In addition to specifying input and output options above, you must specify at least one annotation operation to perform. These are described below.

Annotation options

annotaTR offers several annotation options:

Computing dosages

Dosages are quantitative representations of individual-level genotypes. A major use case for dosages is to perform association testing between TR genotypes and a phenotype of interest. Major advantages of using dosages are:

They can be used as input to downstream tools that support association testing with dosage values, even if those tools do not explicitly support TRs or multi-allelic sites. This has currently been tested using PGEN files output by associaTR as input to plink.
This enables testing TRs alongside other variant types using the same pipelines, streamlining workflows that include multiple variant types.

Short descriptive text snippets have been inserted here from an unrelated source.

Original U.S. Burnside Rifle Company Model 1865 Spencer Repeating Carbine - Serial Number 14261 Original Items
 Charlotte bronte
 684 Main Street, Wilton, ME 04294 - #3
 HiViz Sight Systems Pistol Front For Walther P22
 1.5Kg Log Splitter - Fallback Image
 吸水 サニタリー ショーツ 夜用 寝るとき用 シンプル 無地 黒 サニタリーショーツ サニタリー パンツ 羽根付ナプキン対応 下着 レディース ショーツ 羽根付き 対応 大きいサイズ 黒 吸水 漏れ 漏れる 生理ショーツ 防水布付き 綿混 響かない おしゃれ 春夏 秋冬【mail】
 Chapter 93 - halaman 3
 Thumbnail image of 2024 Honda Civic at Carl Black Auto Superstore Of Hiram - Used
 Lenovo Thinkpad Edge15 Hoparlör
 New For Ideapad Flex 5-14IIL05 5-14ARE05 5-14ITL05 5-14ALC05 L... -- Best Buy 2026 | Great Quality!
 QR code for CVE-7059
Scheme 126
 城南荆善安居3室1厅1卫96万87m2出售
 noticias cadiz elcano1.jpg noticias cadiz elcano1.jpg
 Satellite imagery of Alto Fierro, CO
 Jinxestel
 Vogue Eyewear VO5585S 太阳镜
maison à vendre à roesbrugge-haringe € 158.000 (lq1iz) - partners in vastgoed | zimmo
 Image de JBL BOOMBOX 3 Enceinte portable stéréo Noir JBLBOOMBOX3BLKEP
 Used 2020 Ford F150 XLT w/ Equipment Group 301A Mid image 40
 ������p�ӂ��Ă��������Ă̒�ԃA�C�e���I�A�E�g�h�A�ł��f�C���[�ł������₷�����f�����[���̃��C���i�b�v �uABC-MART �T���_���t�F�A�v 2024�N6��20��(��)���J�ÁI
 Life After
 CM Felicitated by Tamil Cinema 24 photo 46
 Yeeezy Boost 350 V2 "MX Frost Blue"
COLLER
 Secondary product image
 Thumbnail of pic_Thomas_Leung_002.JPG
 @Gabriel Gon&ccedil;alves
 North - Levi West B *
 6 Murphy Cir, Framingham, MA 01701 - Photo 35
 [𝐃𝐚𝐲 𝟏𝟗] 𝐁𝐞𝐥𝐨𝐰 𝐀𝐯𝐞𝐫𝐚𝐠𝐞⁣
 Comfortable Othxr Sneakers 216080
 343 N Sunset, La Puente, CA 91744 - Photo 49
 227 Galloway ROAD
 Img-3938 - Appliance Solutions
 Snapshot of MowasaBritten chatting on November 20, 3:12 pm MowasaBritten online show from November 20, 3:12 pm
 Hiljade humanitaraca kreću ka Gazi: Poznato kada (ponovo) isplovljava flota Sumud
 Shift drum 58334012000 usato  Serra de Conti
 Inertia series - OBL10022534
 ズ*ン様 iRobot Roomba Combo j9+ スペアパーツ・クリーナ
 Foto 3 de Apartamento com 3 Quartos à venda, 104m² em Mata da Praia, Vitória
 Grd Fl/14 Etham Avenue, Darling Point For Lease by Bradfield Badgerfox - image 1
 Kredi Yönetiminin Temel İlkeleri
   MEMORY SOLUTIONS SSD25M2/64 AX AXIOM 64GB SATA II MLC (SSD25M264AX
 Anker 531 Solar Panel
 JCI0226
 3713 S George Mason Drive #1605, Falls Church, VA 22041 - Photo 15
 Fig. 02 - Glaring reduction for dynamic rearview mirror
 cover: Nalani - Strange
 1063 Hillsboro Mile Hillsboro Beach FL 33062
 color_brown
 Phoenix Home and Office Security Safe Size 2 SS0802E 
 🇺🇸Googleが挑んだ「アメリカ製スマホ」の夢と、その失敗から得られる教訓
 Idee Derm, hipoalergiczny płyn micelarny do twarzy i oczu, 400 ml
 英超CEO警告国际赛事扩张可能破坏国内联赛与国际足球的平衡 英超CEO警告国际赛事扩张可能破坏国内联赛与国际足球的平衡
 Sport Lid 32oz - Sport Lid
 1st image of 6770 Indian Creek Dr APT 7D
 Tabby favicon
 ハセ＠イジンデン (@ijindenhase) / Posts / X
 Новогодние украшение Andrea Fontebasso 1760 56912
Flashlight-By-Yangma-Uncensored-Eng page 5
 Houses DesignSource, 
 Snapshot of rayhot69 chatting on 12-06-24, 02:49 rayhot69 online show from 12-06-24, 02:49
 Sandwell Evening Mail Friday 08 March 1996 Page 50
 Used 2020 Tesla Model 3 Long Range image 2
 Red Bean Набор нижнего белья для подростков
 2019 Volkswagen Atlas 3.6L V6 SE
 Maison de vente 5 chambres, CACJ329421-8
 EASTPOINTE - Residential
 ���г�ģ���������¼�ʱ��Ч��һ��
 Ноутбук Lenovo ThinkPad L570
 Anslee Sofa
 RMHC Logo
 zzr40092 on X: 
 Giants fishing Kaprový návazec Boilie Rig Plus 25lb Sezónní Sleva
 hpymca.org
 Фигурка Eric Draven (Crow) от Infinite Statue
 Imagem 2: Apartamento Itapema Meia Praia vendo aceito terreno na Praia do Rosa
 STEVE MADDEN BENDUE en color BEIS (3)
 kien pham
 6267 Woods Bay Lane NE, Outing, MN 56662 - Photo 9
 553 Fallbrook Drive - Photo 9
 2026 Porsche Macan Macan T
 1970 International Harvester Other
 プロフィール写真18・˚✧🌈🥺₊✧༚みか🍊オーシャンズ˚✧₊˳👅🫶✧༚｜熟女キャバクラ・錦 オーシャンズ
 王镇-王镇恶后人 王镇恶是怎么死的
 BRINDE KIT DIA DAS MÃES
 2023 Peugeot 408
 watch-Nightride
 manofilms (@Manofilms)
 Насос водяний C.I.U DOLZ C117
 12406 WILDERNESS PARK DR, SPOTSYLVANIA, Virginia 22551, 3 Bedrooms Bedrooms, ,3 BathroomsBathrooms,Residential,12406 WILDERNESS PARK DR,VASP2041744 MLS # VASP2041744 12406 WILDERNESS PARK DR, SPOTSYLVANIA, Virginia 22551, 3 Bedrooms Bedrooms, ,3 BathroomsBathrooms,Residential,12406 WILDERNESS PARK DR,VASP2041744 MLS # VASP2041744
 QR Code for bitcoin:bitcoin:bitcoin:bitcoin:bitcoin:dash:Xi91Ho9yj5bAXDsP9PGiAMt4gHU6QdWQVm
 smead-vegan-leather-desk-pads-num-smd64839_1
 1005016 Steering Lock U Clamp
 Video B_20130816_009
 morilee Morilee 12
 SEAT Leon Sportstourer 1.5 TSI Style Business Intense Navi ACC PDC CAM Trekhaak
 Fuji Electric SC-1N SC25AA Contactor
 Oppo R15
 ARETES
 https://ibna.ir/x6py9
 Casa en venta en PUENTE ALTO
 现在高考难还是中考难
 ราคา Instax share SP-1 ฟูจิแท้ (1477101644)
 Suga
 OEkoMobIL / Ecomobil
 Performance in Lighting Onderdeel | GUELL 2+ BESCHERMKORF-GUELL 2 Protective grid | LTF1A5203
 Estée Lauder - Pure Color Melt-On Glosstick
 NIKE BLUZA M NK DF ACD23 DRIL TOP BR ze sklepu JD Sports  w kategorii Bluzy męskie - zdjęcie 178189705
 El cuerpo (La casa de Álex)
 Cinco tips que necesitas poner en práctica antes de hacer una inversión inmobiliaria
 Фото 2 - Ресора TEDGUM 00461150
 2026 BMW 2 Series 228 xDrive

The following command computes dosages:

annotaTR \
  --vcf <vcf file> \
  --out <string> \
  --dosages <string>

where the argument to the --dosages option specifies the method to compute dosages. It must be one of:

bestguess: dosages are computed by summing the length of alleles (given in number of repeat units) for each call. e.g. for a genotype heterozygous for 3 and 4 copies of a repeat, the best guess dosage will be 7.
bestguess_norm: same as above, but scaled to be between 0 and 2. This is required if generating pgen output, since pgen only supports dosage values in this range.
beagpleap: dosages for imputed calls are computed in a way that takes into account imputation uncertainty. This option requires the Beagle VCF FORMAT fields AP1 and AP2 to be present, which give the probability of each alternate allele on each of the two haplotypes of an individual. AP-based dosages are generated by computing a weighted sum of allele lengths for each haplotype and added together to get the total dosage for the genotype ($\sum_{hap=1,2} \sum_{allele a} P(a_{hap})len(a)$). In the case of imputation with no uncertainty (all AP fields are either 0 or 1), dosages computed in this way should match best guess dosages.
beagleap_norm: same as above, but scaled to be between 0 and 2.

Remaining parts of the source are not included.